Economy: Bundesbank expects recession in the winter half-year

The Bundesbank expects an economic slump in Germany and persistently high inflation in the coming months.

Economy: Bundesbank expects recession in the winter half-year

The Bundesbank expects an economic slump in Germany and persistently high inflation in the coming months. Despite the surprising economic growth in the summer quarter, a further recession is to be expected in the winter half-year, the central bank wrote in its monthly report published on Wednesday.

Higher labor costs can fuel inflation

"The inflation rate could remain in double digits beyond the turn of the year." The takeover of the gas advance payment by the state in December will relieve consumers. "But it is still unclear to what extent it is reflected in the official price measurement and thus in the inflation rate."

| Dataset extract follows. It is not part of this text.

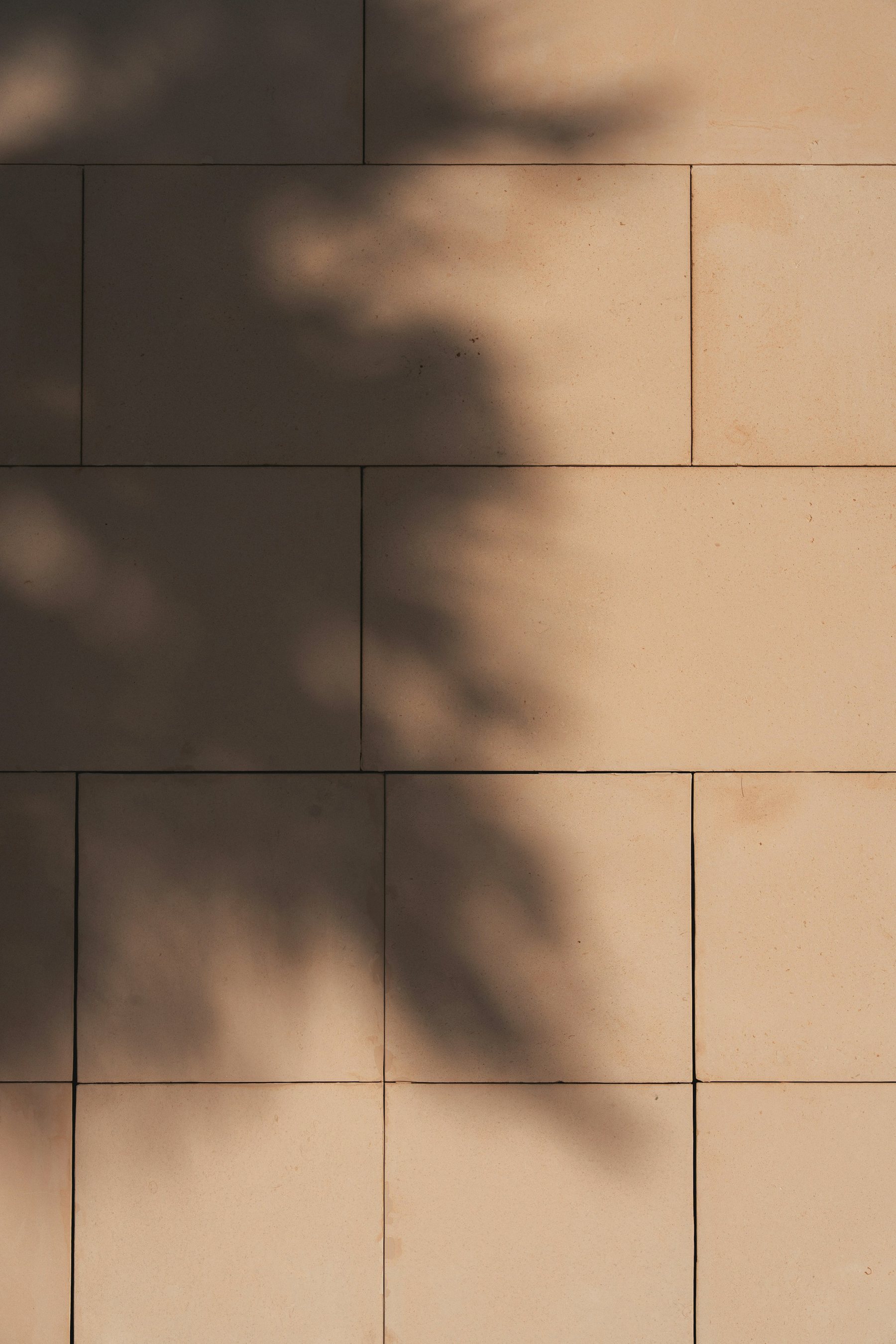 Leaf shadow across a warm stone wall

The annual inflation rate climbed to 10.4 percent in Germany in October. The Bundesbank now sees an increased risk of second-round effects. If inflation leads to higher collective wage agreements and thus wage costs, this can fuel inflation. So wages and prices would soar and inflation would solidify.

According to the Bundesbank, the most recent wage settlements have been increasingly strong. In addition, trade unions called for exceptionally high wage increases in view of the inflation. The Verdi union, for example, is demanding 10.5 percent more money for the public sector in the federal and local governments for a period of twelve months. It is not to be expected that these demands will actually lead to wage agreements of the same magnitude, wrote the central bank. "Even if that doesn't indicate an accelerated inflation development from the wage side, the risk of second-round effects has increased."

Uncertainty in energy supply

According to the economists, economic development in Germany is being slowed down, among other things, by the uncertainty about the energy supply and the increased energy prices. That puts a heavy strain on companies. The weakening of the global economy is likely to be reflected in exports, and inflation is dampening private consumption. In addition, the construction industry is likely to continue to cool down. However, the extent of the expected recession is extremely uncertain.

According to preliminary figures, Europe's largest economy surprisingly grew by 0.3 percent in the third quarter compared to the previous quarter. The Federal Statistical Office plans to announce details on Friday.